■ **Your objective**
Search the listing for the string "TOYOTA". Copy every line that has it.
* * *
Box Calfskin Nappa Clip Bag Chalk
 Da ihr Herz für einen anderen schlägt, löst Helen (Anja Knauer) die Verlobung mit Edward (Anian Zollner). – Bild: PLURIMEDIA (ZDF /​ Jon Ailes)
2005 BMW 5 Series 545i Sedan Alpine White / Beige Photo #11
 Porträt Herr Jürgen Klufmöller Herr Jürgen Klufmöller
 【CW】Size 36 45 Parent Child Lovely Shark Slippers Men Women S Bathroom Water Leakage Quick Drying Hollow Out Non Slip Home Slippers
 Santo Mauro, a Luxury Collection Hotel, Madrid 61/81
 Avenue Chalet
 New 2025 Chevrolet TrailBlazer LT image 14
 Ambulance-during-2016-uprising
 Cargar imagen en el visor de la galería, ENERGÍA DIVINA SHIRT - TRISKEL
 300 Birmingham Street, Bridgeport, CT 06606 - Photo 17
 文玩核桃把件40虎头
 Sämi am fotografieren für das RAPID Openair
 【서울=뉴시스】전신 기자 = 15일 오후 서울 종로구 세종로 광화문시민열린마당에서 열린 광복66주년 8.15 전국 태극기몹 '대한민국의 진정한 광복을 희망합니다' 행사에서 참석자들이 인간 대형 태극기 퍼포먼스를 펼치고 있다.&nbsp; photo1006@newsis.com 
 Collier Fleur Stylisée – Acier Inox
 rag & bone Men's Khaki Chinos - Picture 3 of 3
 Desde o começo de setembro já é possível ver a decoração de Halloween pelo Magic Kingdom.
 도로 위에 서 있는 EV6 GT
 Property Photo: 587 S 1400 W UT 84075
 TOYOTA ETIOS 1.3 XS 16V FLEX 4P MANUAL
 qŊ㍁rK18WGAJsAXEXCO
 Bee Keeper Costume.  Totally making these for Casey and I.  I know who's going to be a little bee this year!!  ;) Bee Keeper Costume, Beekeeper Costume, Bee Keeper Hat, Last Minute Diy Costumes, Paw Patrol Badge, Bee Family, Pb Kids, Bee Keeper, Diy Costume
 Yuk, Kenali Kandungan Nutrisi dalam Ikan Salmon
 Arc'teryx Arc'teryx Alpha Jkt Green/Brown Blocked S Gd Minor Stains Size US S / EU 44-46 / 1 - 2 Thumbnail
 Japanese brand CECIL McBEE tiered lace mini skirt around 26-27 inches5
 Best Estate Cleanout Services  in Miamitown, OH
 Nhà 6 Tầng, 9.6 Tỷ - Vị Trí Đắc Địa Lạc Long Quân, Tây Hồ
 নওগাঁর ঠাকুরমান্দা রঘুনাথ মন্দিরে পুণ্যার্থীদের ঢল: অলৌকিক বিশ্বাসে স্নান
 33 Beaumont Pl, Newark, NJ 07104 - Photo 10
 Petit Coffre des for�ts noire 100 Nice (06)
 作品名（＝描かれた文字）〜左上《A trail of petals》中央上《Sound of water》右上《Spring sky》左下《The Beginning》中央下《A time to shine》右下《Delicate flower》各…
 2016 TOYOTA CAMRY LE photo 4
* * *
■ **Answer box**
 TOYOTA ETIOS 1.3 XS 16V FLEX 4P MANUAL
 2016 TOYOTA CAMRY LE photo 4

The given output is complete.